= Beginning of Section =

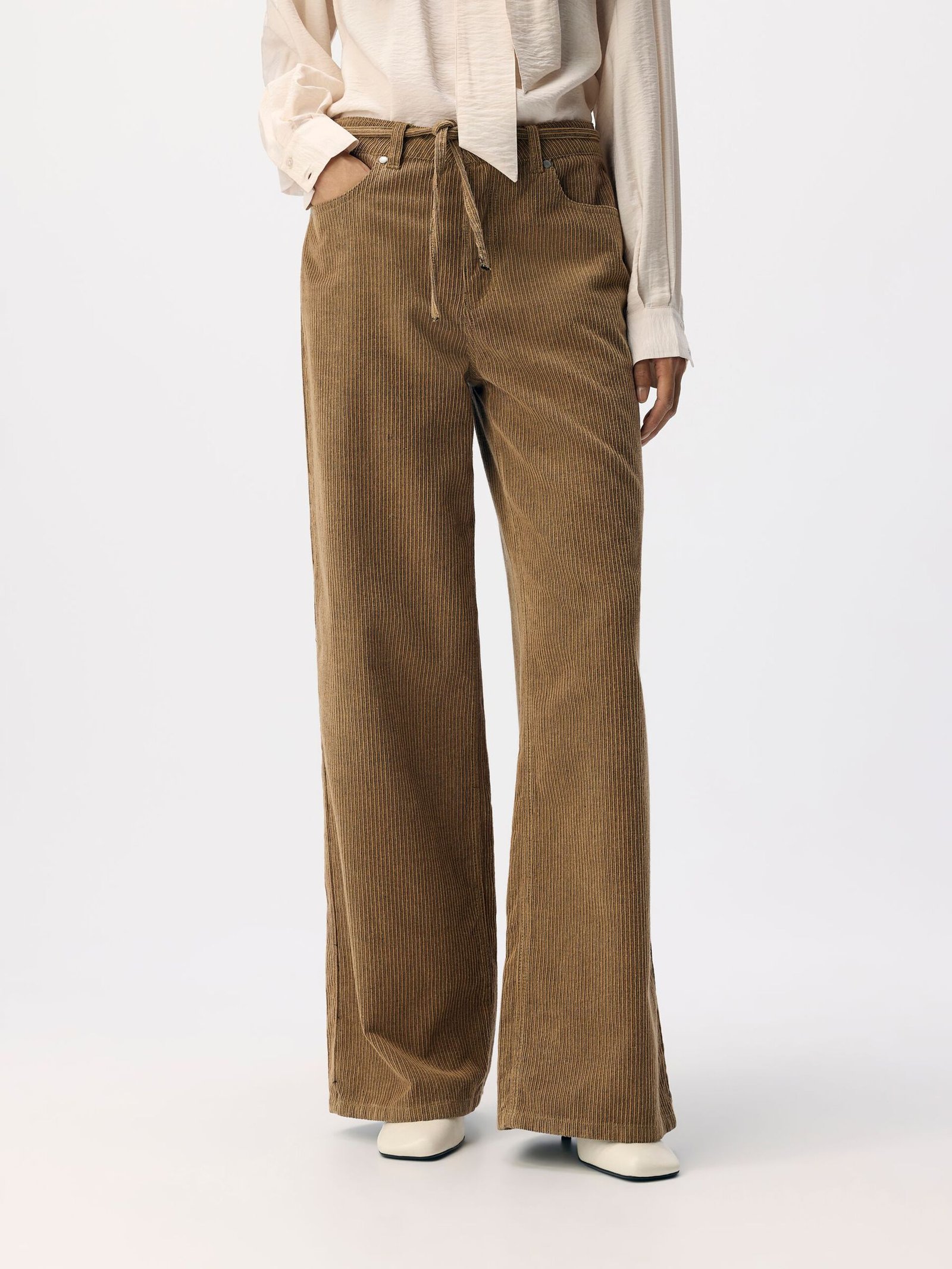 OBJMOJI ALIMA MW WIDE JEANS 141 Tannin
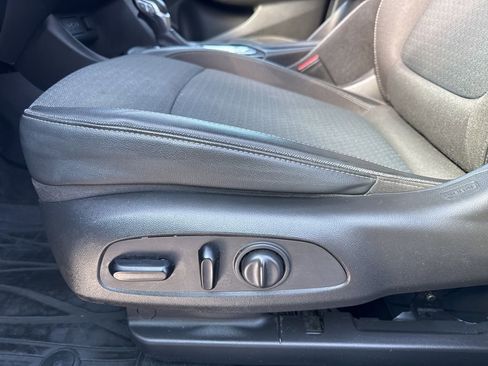 Used 2020 Buick Encore GX Select image 19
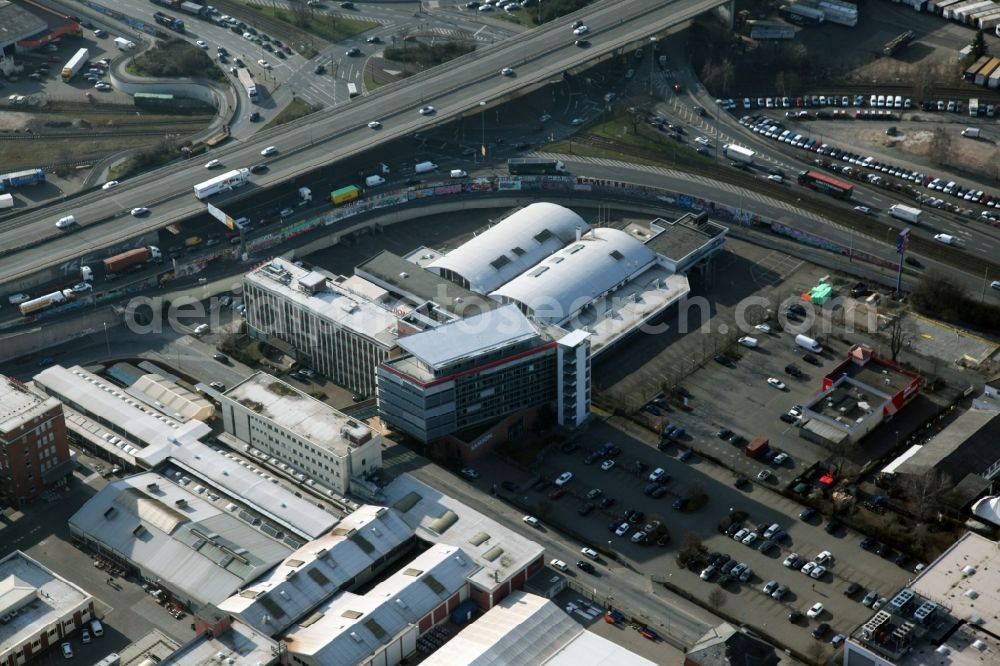 Frankfurt am Main from the bird's eye view: The Samson works in Frankfurt am Main in Hesse. SAMSON AG is founded in 1907 by Hermann Sandvoss. The company is specialized in the control device technology. samson.de. samson.de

= End of Section =

Your objective
Leaving the pictures aside, transcribe the entire listing exactly.

Output of the exercise
 OBJMOJI ALIMA MW WIDE JEANS 141 Tannin
 Used 2020 Buick Encore GX Select image 19
 Frankfurt am Main from the bird's eye view: The Samson works in Frankfurt am Main in Hesse. SAMSON AG is founded in 1907 by Hermann Sandvoss. The company is specialized in the control device technology. samson.de. samson.de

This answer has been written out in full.